Your task -
Output the entries below word for word, stopping once the line containing "Customer video review" is done, and omit each picture.

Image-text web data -
((
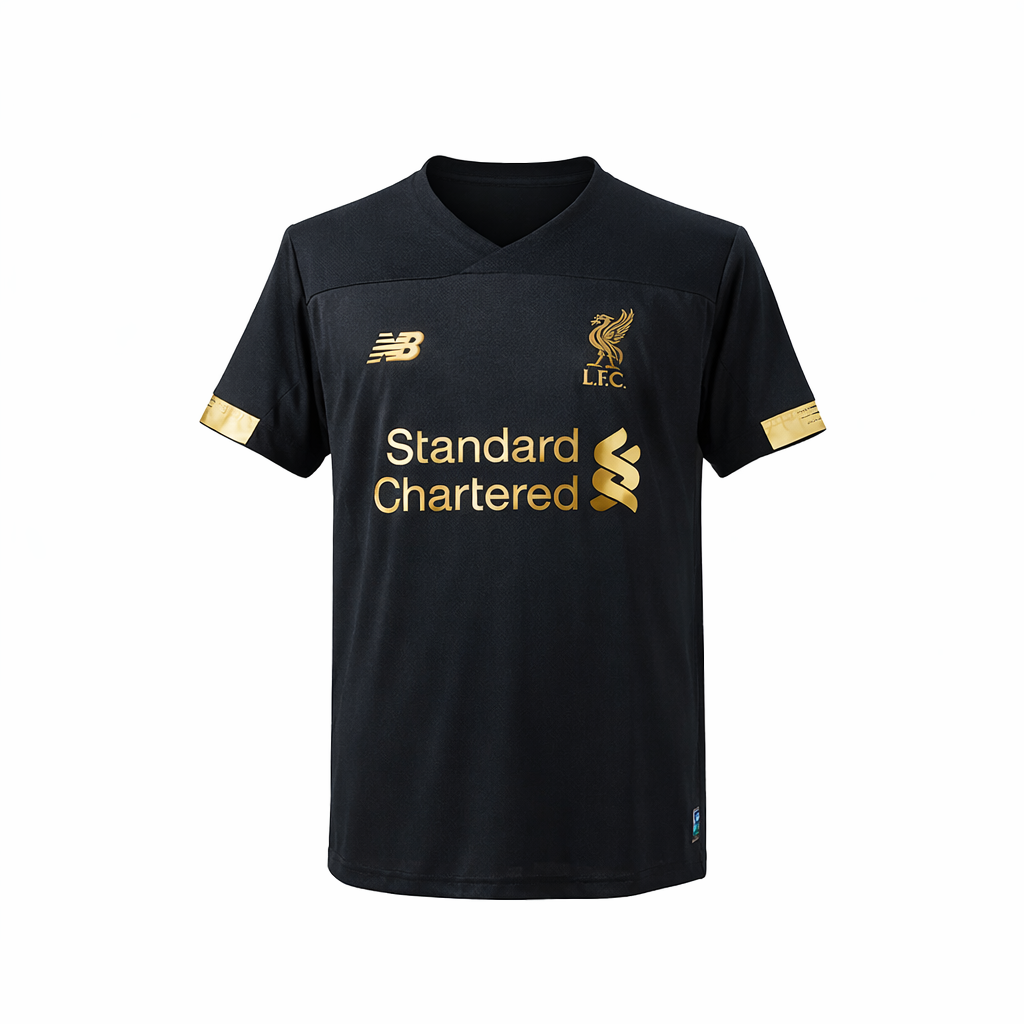 Liverpool FC 1st goalkeeper kit 2019-20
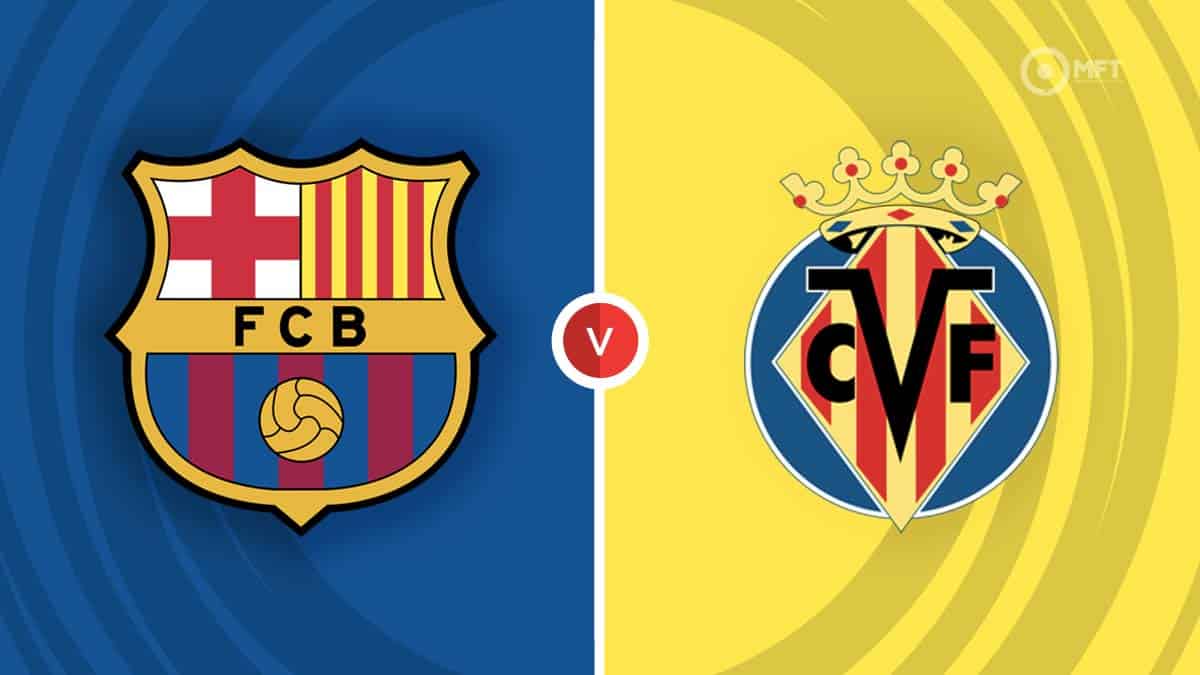 Barcelona vs Villarreal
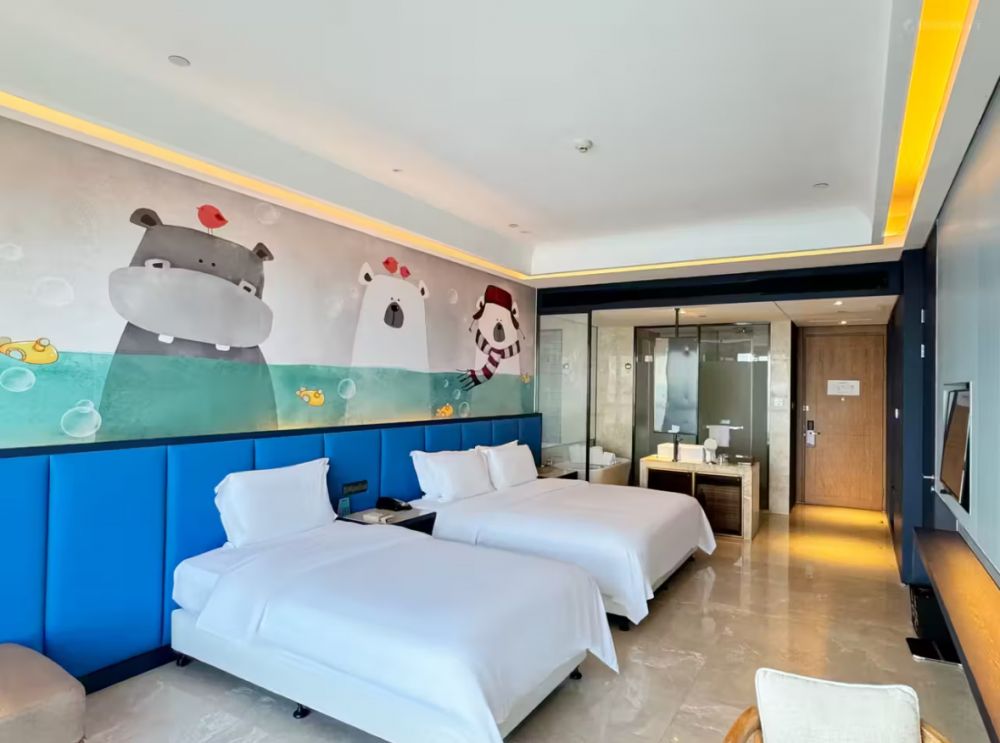 Family Room, Harman Hotel Sanya 5*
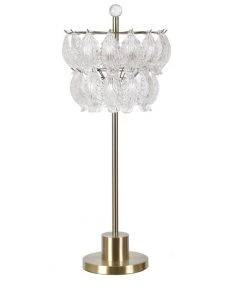 Crestview Collection Elena Accent Twin Light Lamp, CVAZER073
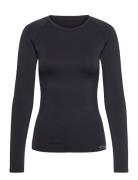 Hmltif Seamless T-Shirt L/S Sport Women Sport Clothing Sports Tops & T...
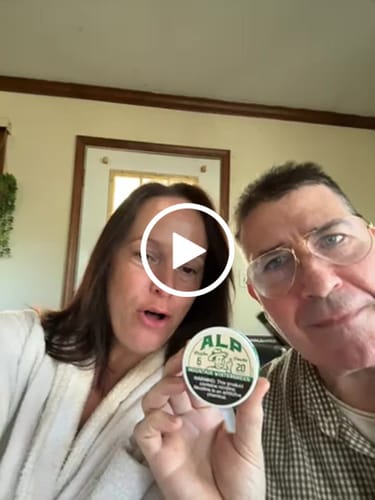 Customer video review of Mountain Wintergreen Nicotine Pouches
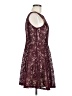 Assorted Brands 100% Polyester Burgundy Cocktail Dress Size M - photo 4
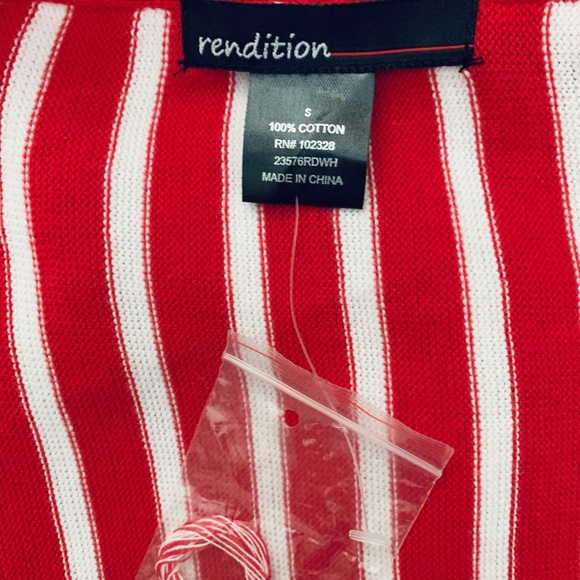 RENDITION Open Front Cascading Cardigan - Picture 8 of 12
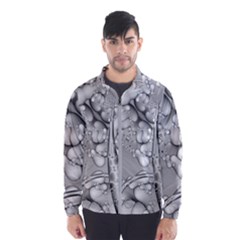 Illustrations Entwine Fractals Men s Windbreaker by HermanTelo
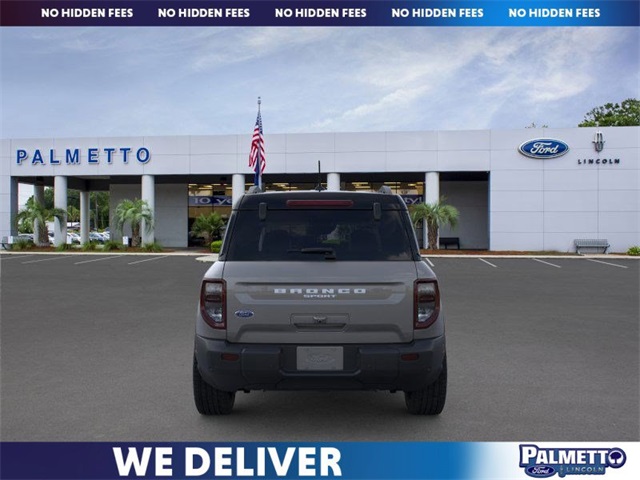 new 2025 Ford Bronco Sport car, priced at $31,485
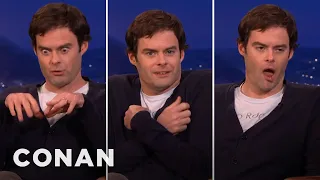 Bill Hader's SNL Cast Impressions | CONAN on TBS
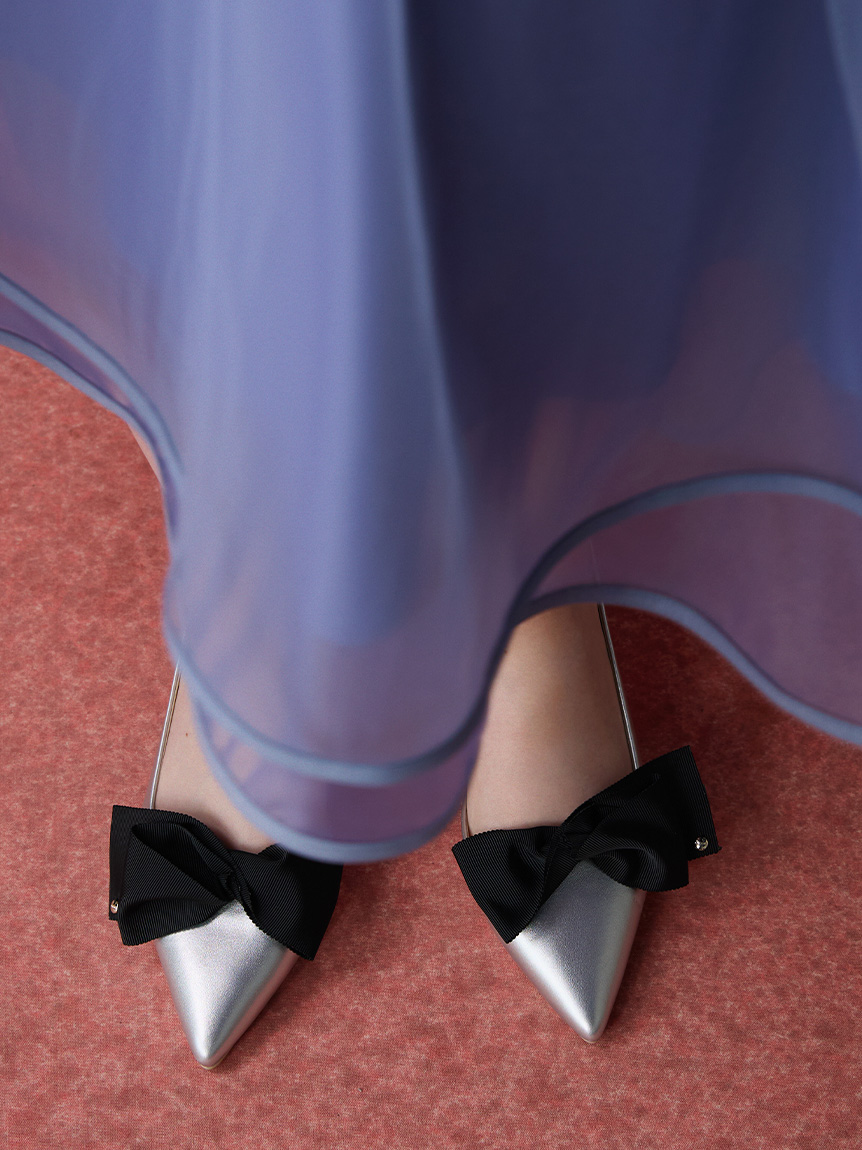リボンクリップ付きパンプス(パンプス)｜SHOES（シューズ）｜CELFORD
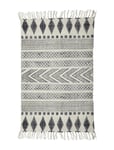 Block Tæppe Home Textiles Rugs & Carpets Wool Rugs Grey House Doctor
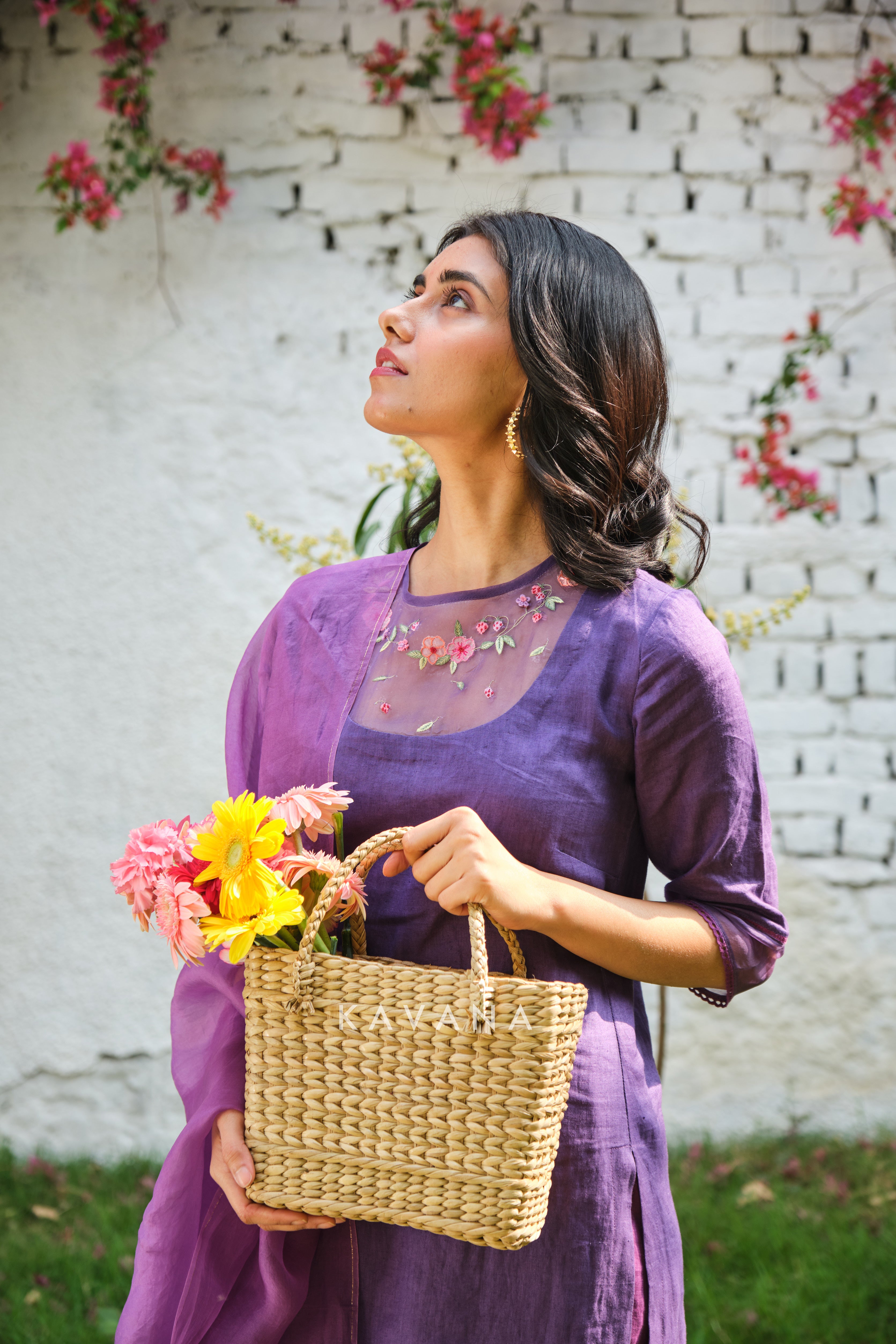 Angoori kurta set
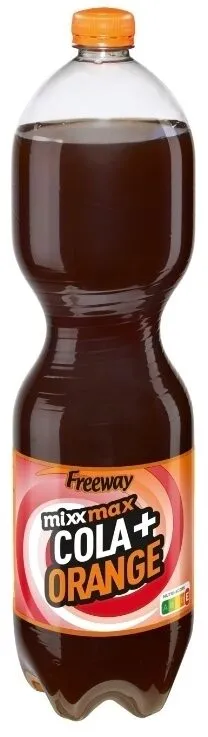 MixxMax Cola & Orange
))
Final answer -
 Liverpool FC 1st goalkeeper kit 2019-20
 Barcelona vs Villarreal
 Family Room, Harman Hotel Sanya 5*
 Crestview Collection Elena Accent Twin Light Lamp, CVAZER073
 Hmltif Seamless T-Shirt L/S Sport Women Sport Clothing Sports Tops & T...
 Customer video review of Mountain Wintergreen Nicotine Pouches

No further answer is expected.